A partition of unity allows us to blend from one patch to another more smoothly. For example, instead of saying that every point is either exactly in the northern hemisphere, or exactly in the southern hemisphere, we have two functions $\phi_1+\phi_2$ with $\phi_1+\phi_2=1$, where $\phi_1$ measures how much we will count the point toward the northern integral, and $\phi_2$ measures how much we will count the point toward the southern integral. This gives integrals that are much worse for hand computation, but have cleaner theoretical properties.

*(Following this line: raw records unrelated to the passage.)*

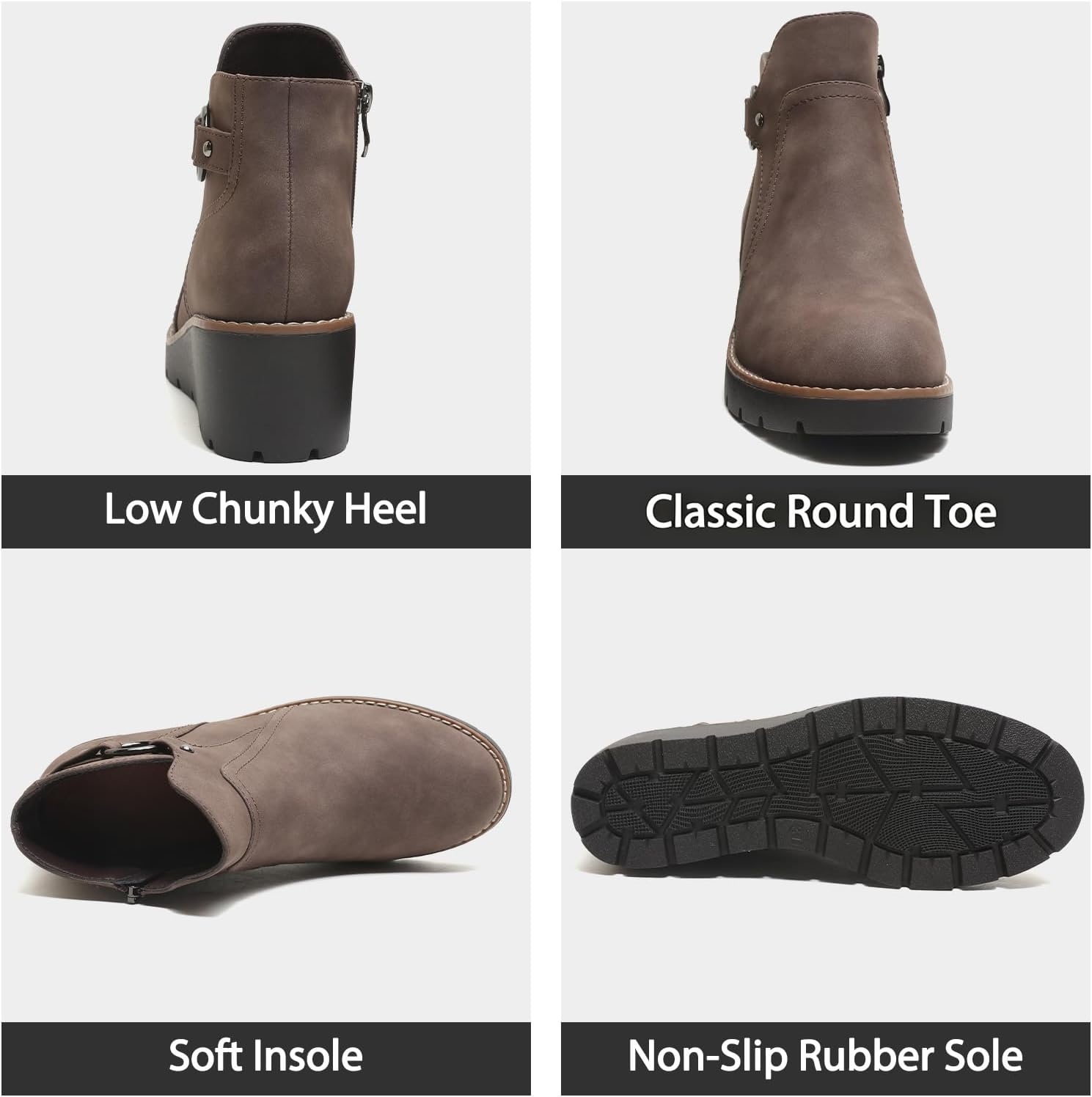 image:imageWomens Wedge Ankle Boots Chunky Low Heel Fall Short Booties Side ZipperBrown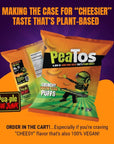 PeaTos Cheese-less Puffs in Snack Sized 0.5 oz. Bags (15 pack) full of “JUNK FOOD” flavor and fun WITHOUT THE JUNK. PeaTos® the Craveworthy upgrade to America's favorite snacks are Pea-Based, Plant-Based, Vegan, Gluten-Free, and Non-GMO.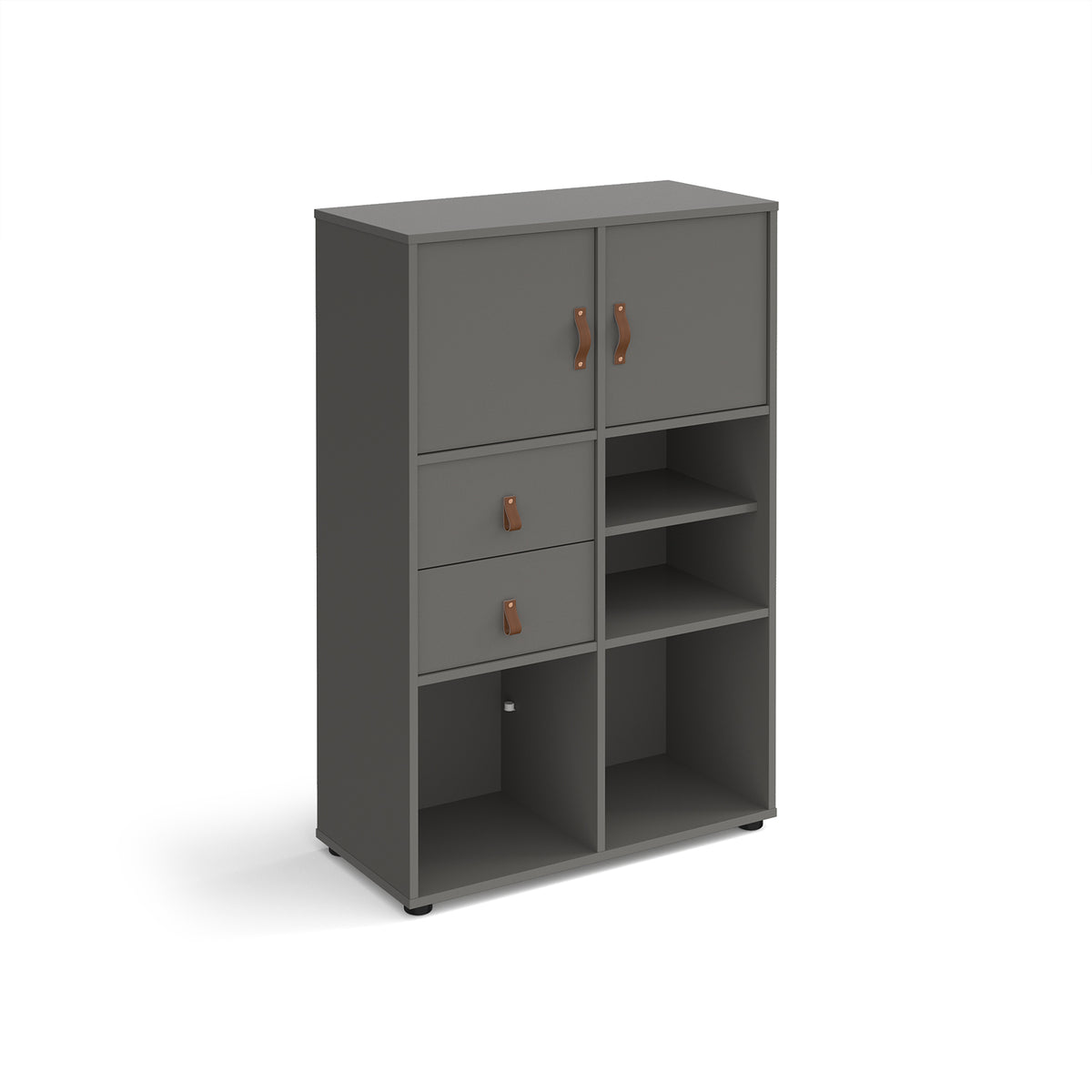 Universal cube storage unit 1295mm high on glides with matching shelf, 2 cupboards and drawers - grey with grey inserts - view 1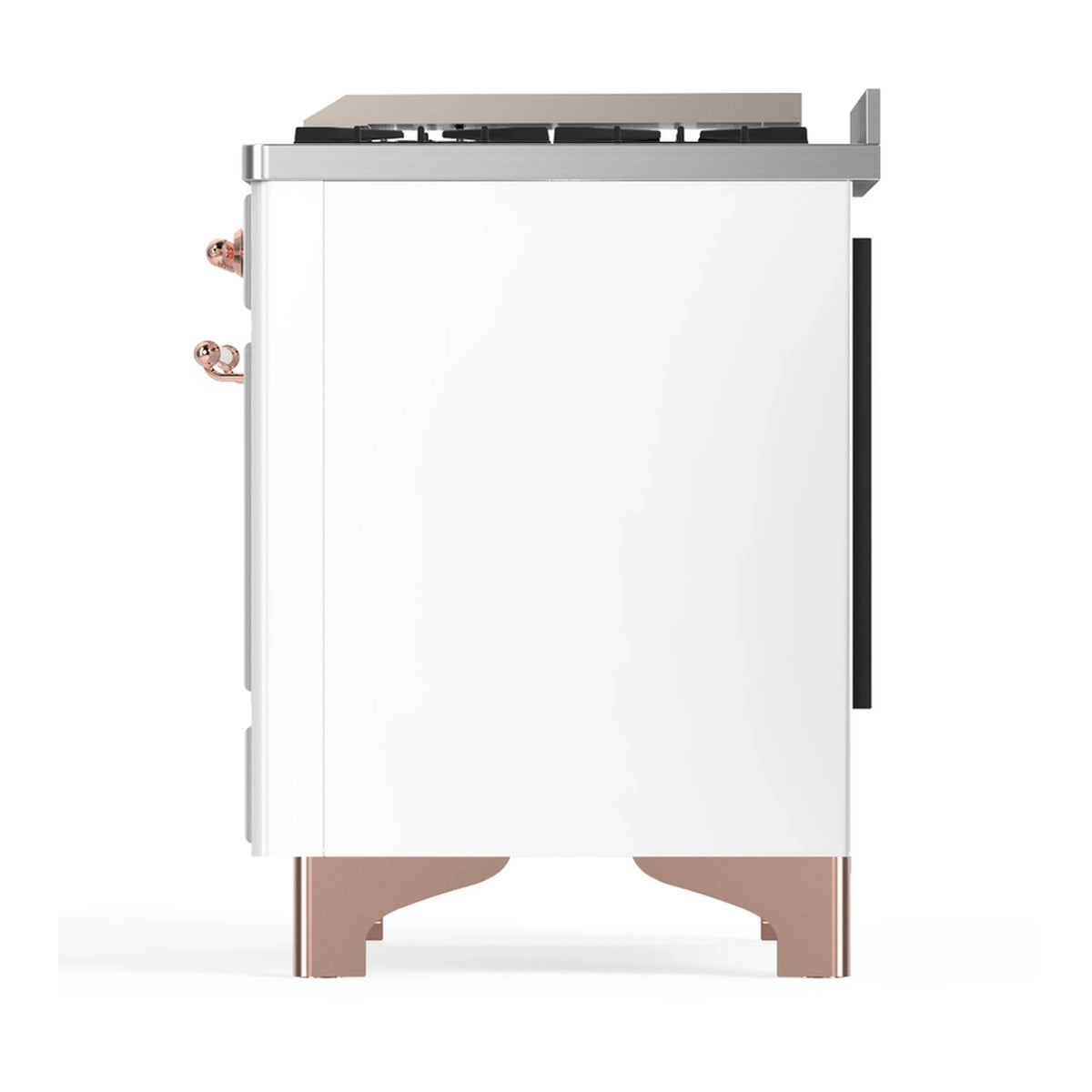 ILVE Majestic III 60-inch Dual Fuel Range with 5 Liquid Propane Burner, Griddle, French Top and Triple Glass Door Electric Oven in White with Copper Trim (UM60FSNR3WHPLP)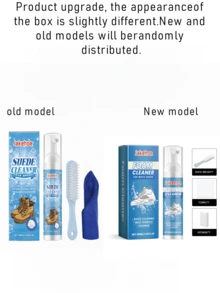 jakehoe 麂皮清洁剂 - 可清洁针织靴、皮革和帆布鞋上的污垢。它能渗透鞋面纤维，去除污渍、水渍和灰尘。随机发送新款和旧款。 - 藍色 - 查看 14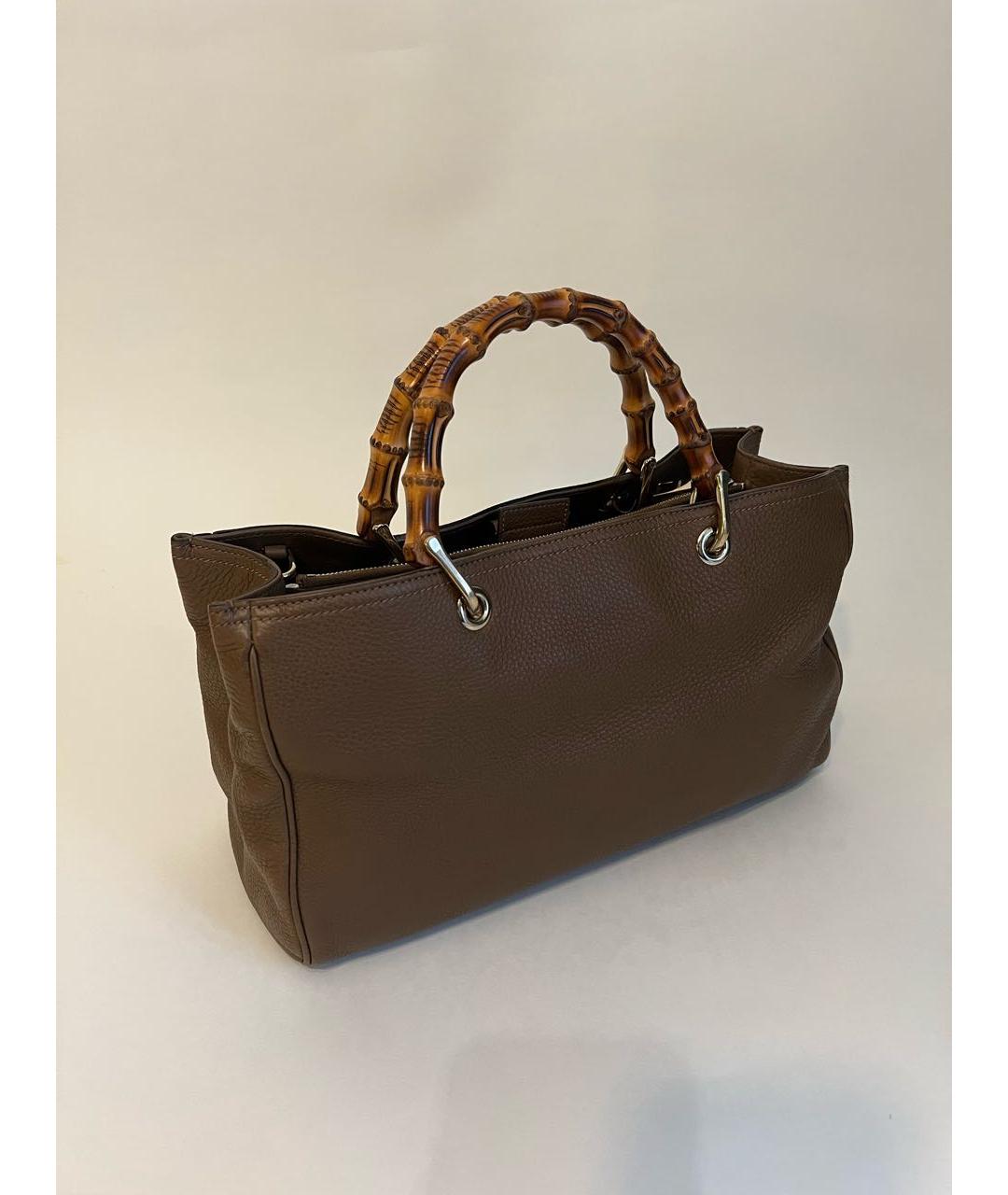 GUCCI Коричневая кожаная сумка с короткими ручками, фото 4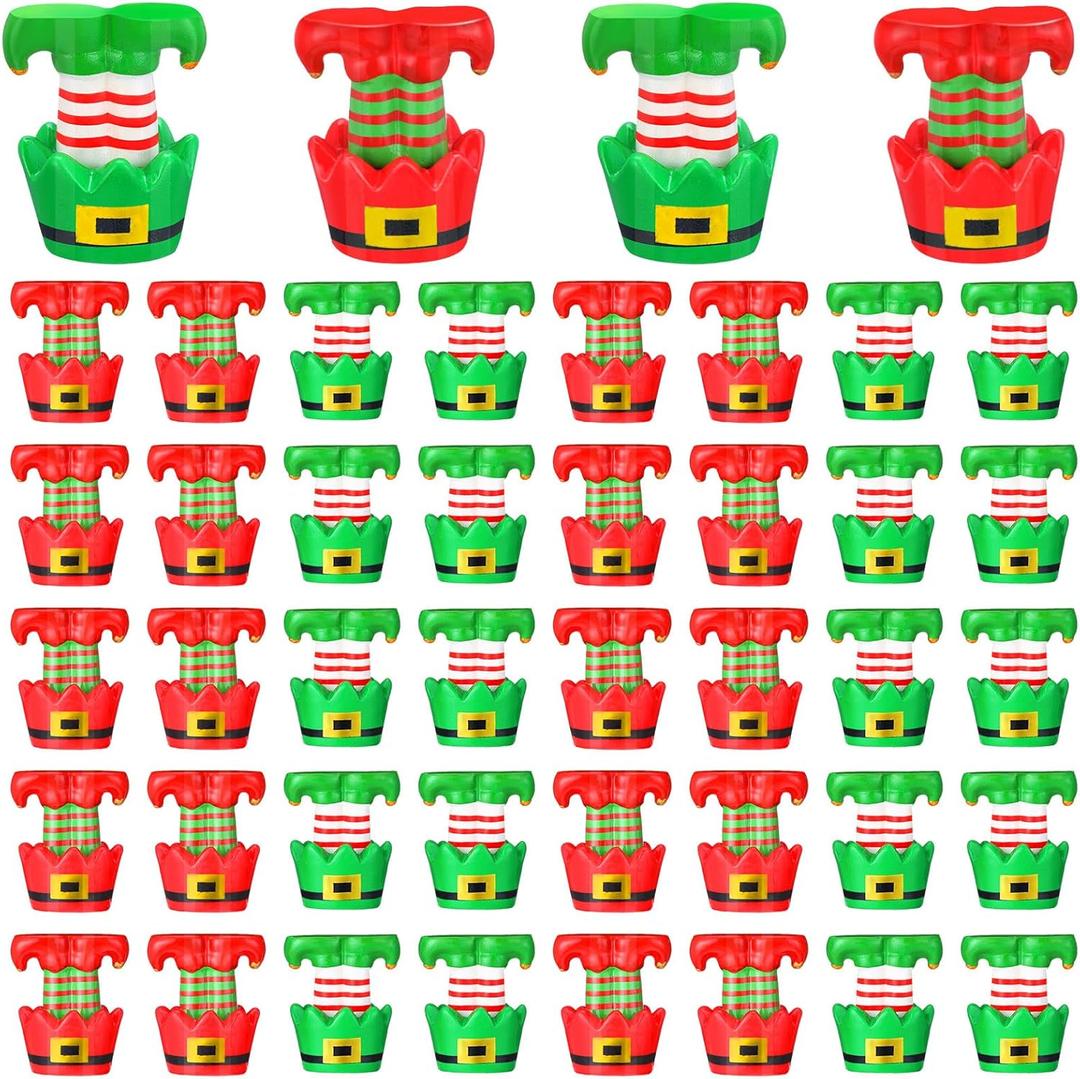 50 Pcs Christmas Mini Elf Figures Tiny Resin Elves Elf Legs Figurines Xmas Ornaments for Goodie Bag Fillers Winter Xmas Stocking Stuffers Birthday Gifts Table Decorations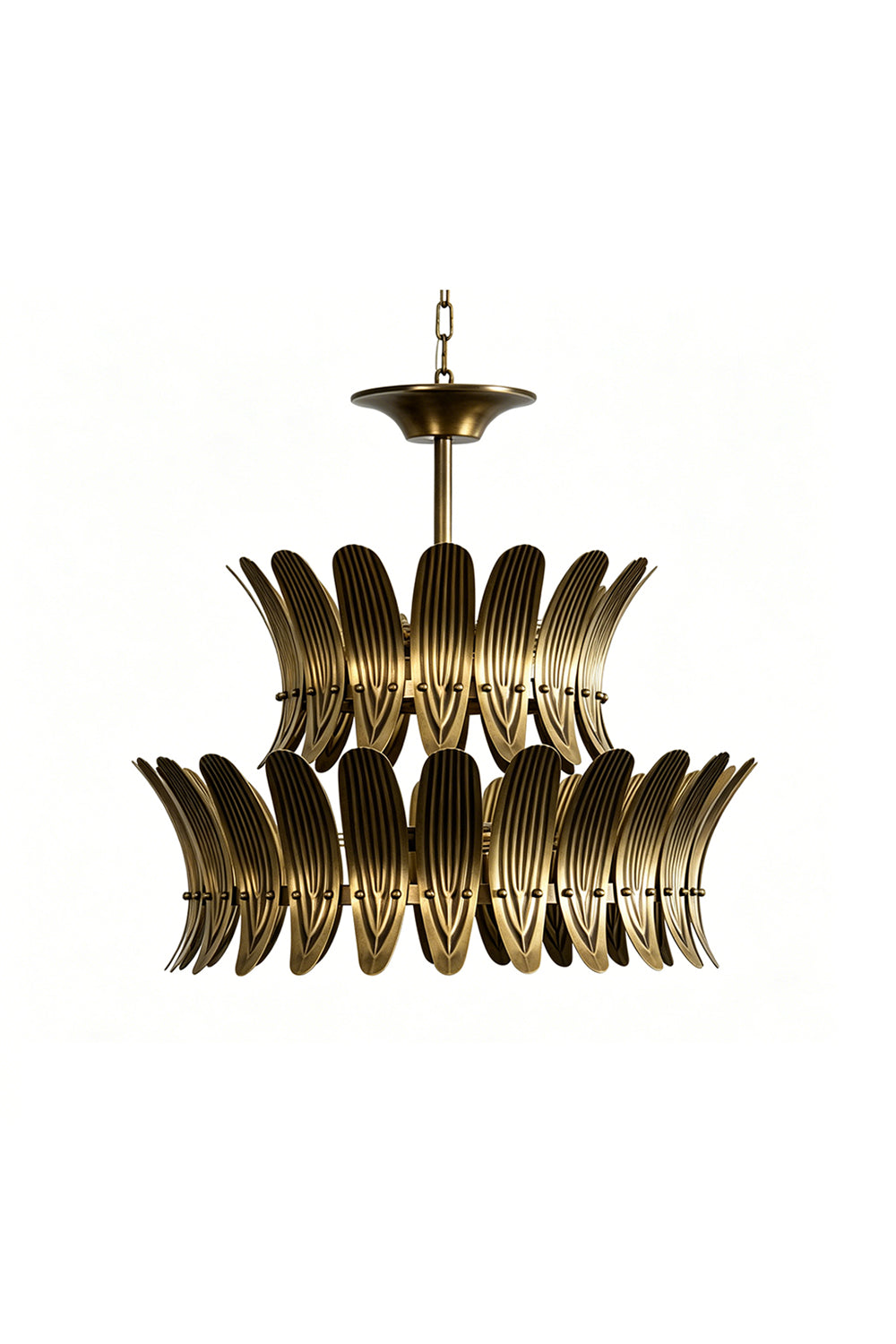 Brass Feather Tiered Chandelier Samu Lamp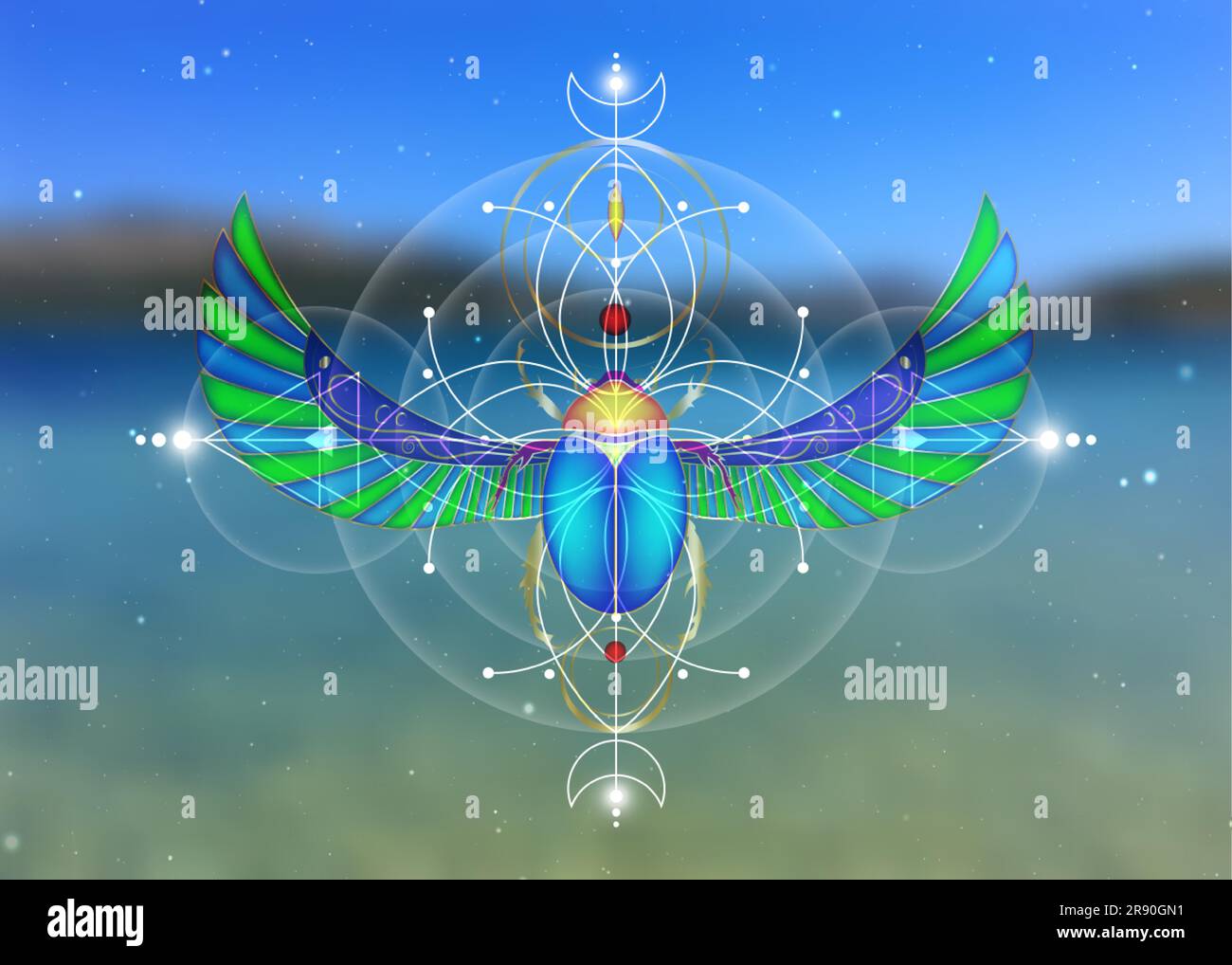 Heilige Geometrie, Scarab-Käfer auf der Blume des Lebens, mystische Zeichnung von Kreisen, Dreiecken, Mond, Energieschema. Symbole der Alchemie, Magie, Esoterie, Stock Vektor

Incidentally, I believe this should be better for machine Monte Carlo integration. That is to say, suppose I want to integrate a $2$-form $\omega$ over the sphere $S^2 \subset \mathbb{R}^3$. One approach would be to parametrize the northern hemisphere and southern hemisphere separately, pulling $\omega$ back to forms supported on discs in two copies of $\mathbb{R}^2$, with discontinuities at the boundary of the disc, and compute these integrals by Monte Carlo. Alternatively, I could use a continuous partition of unity supported on the open sets $z<0.1$ and $z>-0.1$, and pull back by stereographic coordinates to slightly larger discs; my integrands would then be continuous. I believe Monte Carlo integration usually prefers continuous integrands, as that way it is not important to determine exactly which side of the discontinuits a sample random point lies on.
Later uses of partitions of unity are also often of the form "I would like to chop my manifold into pieces, but that is too discontinuous an operation." For example, let's show that every short exact sequence of vector bundles splits. Let $0 \to A \to B \to C \to 0$ be the short exact sequence and let $X$ be the manifold. One would like to cut $X$ into pieces $U_i$ where the bundles are trivial and write down a section $\sigma_i : C \to B$ on each $U_i$. But gluing the $\sigma_i$ together is not continuous. If instead we take a partition of unity $\phi_i$ and write $\sigma = \sum \phi_i \sigma_i$, then $\sigma$ is a smoother version of gluing the $\sigma_i$, and it is continuous.
My mental metaphor for a partition of unity is feathering out paint. If your paint stops abruptly at the edge of the brush stroke, it will leave a visible line even once you paint the wall next to it. Instead, you need to smear out the edge of your stroke so it thins out gradually. I haven't tried bringing a paint can into class though yet!
The idea behind a number of proofs is as follows.
We want to prove theorem "A" for certain functions $f$.
If theorem is true for two functions $f_1$ and $f_2$ , then it is true for $f_1 + f_2$.
The theorem is true for the same class of functions locally. For example, the space might be a manifold and the theorem is true for compactly supported functions.
So you have the theorem true for a covering of the space; and you then construct a partition of unity $\varphi_i$ subordinate to this cover. The theorem being true for each $\varphi_i f$ being compactly supported, it is true for their sum $f$, this sum being locally finite; so at each point it is a finite sum.